Уже после войны, читая какое-то произведение Константина Симонова, я узнал, что действовал приказ о том, чтобы всех немцев или полунемцев из армии увольнять. По этому приказу демобилизовывали и отправляли в тыл людей, уже проявивших себя с лучшей стороны в боях на фронте и даже награжденных орденами и медалями!
В этот день я неожиданно встретил знакомого борца Виктора Павлова, он служил в КГБ Северной Осетии и ехал в Орджоникидзе. Я отдал ему деньги от продажи брички с лошадьми — шесть тысяч, с тем чтобы он помог моей семье эвакуироваться из Орджоникидзе в Тбилиси, где, как я предполагал, мне предстоит оставаться. Я дал ему адрес моего друга Брони Нициевского, через которого моя жена Саша смогла бы меня найти.
На другой день, по дороге в Навтлуги, где располагался штаб резерва, меня схватил жесточайший приступ малярии, и я лег на газон рядом с тротуаром. Здесь, о чудо, меня нашла сокурсница моей жены — Лида. Она работала в военном госпитале, куда смогла меня дотащить. Через четыре дня в этом госпитале меня нашла моя жена… Виктор Павлов оказался очень обязательным человеком — он погрузил мою семью на военную машину вместе с накопанной на нашем огородике картошкой и всем скарбом. Их выгрузили в тогдашнем предместье Тбилиси Сабуртало. Саша пошла к Броне. Его супруга, беспокоясь о том, что я пропал за день до этого, навела справки и обнаружила меня в госпитале больным малярией.
Выписавшись из госпиталя, я позвонил брату отчима — Василию Яковлевичу с просьбой распорядиться о том, чтобы мне дали на час грузовую машину, которую я буду ждать в Сабуртало. Прибыв на место, где должны были быть бабушка с сыном и вещами, мы никого там не обнаружили. Я позвонил Василию Яковлевичу, чтобы выяснить, куда же подевалась моя семья. Он извинился и сказал, что грузовика достать пока не смог (и это Председатель Президиума Верховного Совета!), машин в городе не было. Поехали к Броне, ибо только его жена Женя была осведомлена о месте выгрузки.

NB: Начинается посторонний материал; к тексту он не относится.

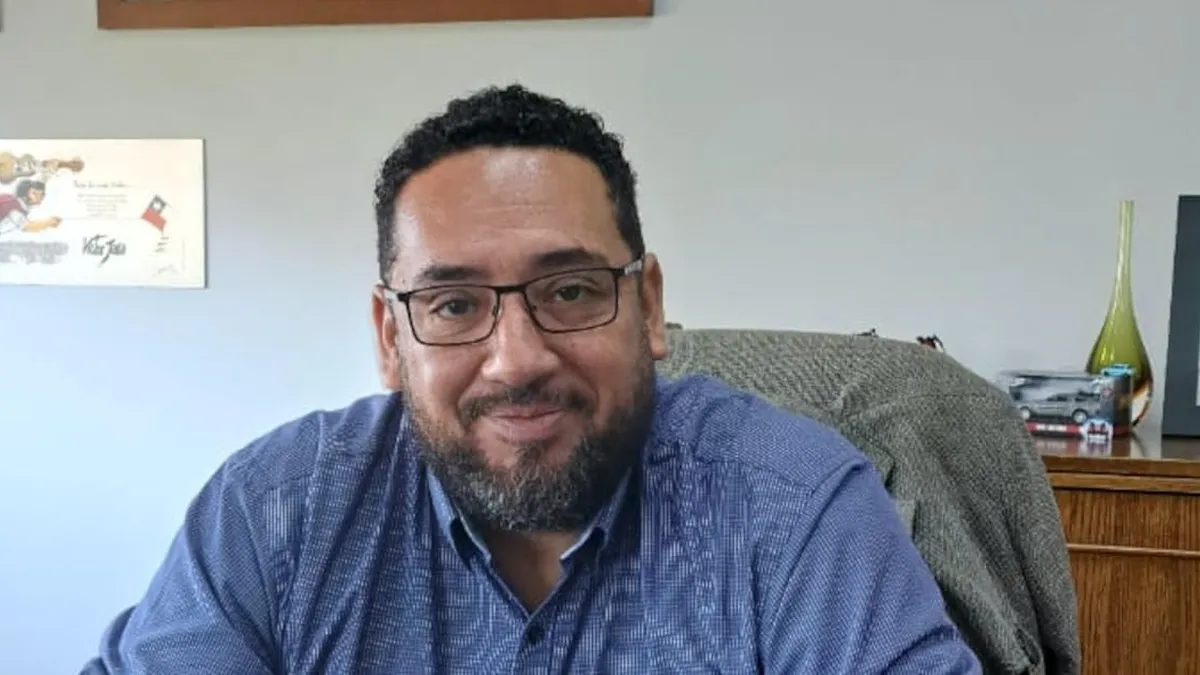 Renuncia de Tohá y declaraciones de Bachelet alteran panorama electoral en el oficialismo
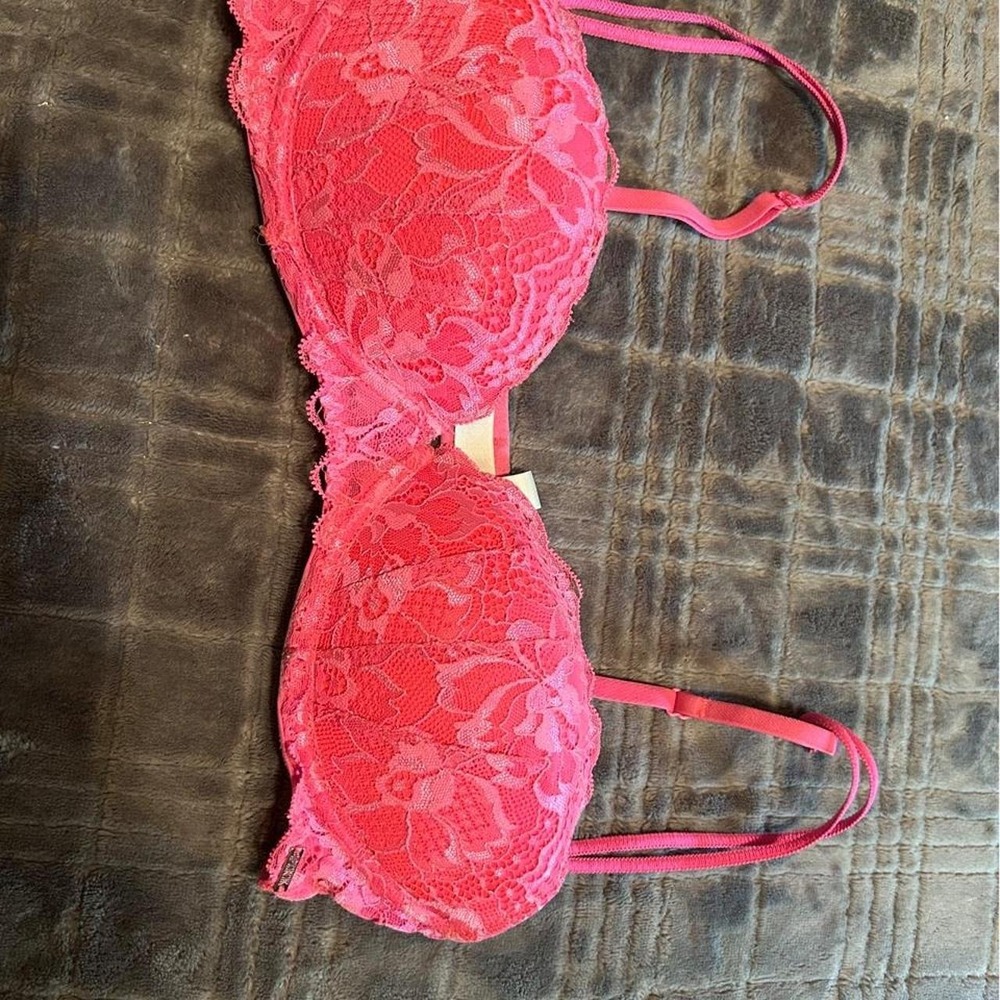 pink vs bra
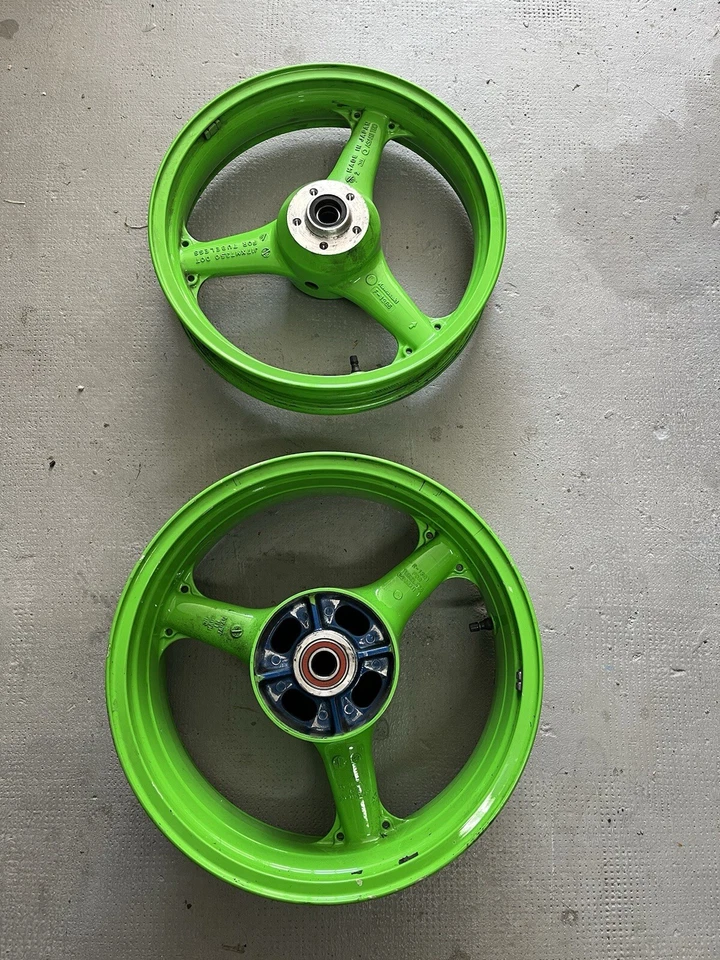 COPPIA CERCHI KAWASAKI ZX9R 2000 - Immagine 4 di 4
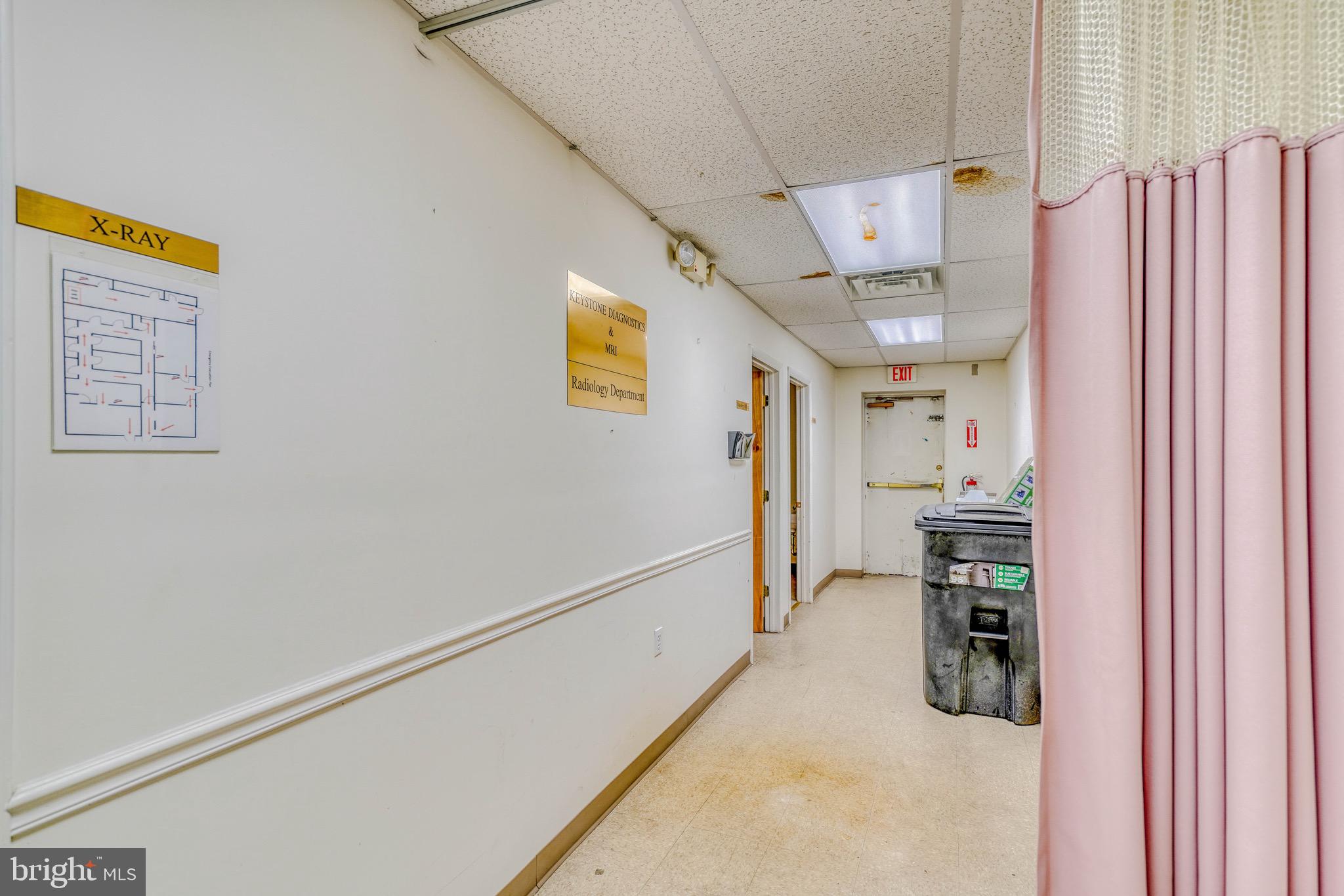 WEST OAK LANE - Commercial Sale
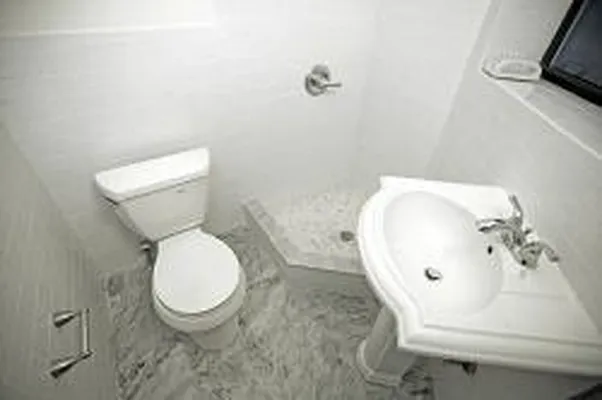 Rented by Tower Brokerage | media 29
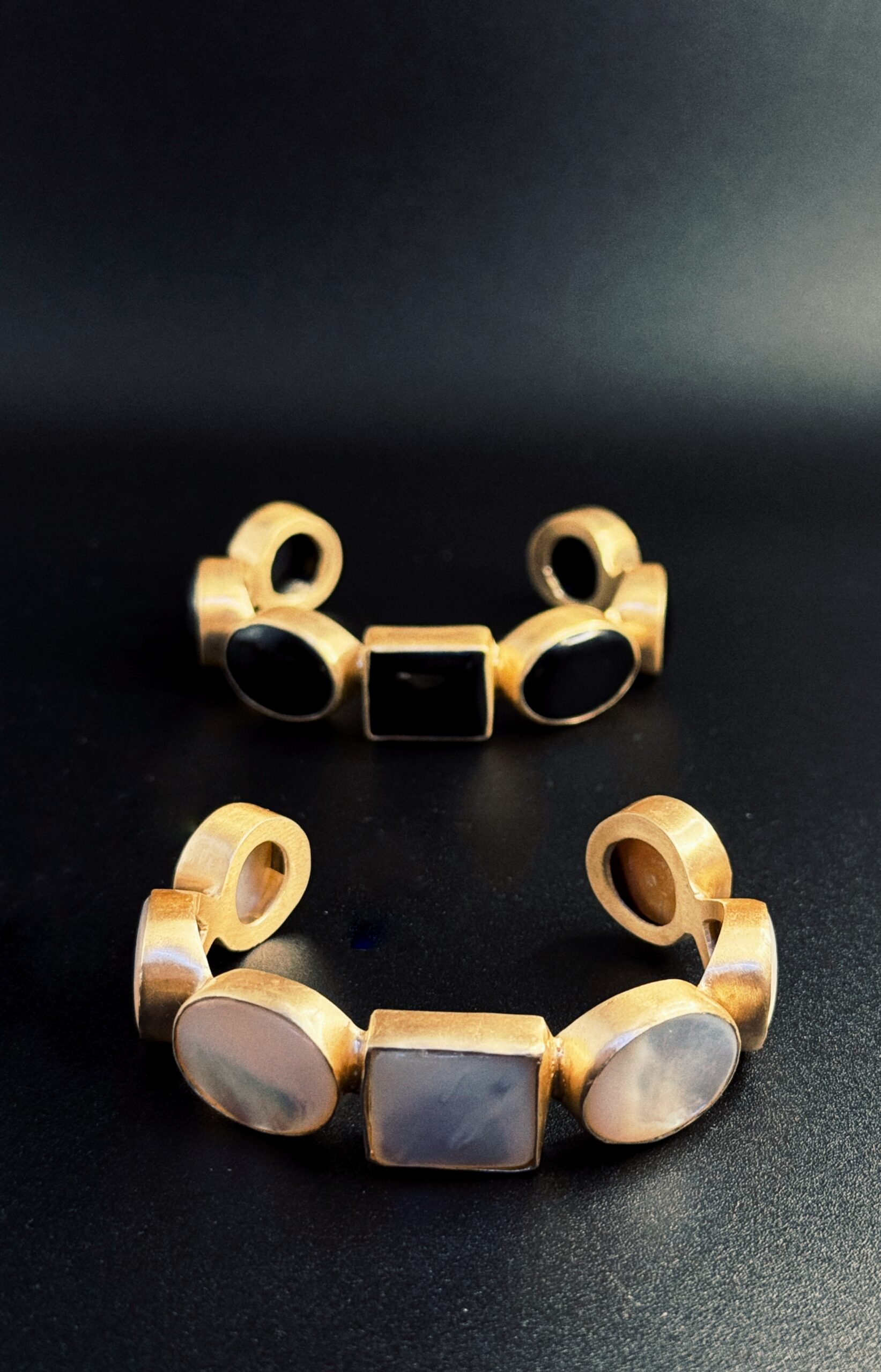 Bracciale artigianale ottone placcato oro 24k con agate multicolor forme geometriche - immagine 3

И тут я был сражен, столкнувшись с эталоном евангелиевской морали — «если у тебя есть две рубашки, отдай одну ближнему своему». Броня жил в двух небольших комнатках без удобств во флигеле старого дома по улице Орджоникидзе втроем с сыном. Он достал грузовую машину, отыскал мою семью, погрузил, привез к себе, освободил одну комнату и разместил в ней нас. С тех пор Броня (фото 74) стал для меня образцом, с которым я мысленно сверяю свои поступки, зная, что сам я никогда не достигну таких высот душевной щедрости.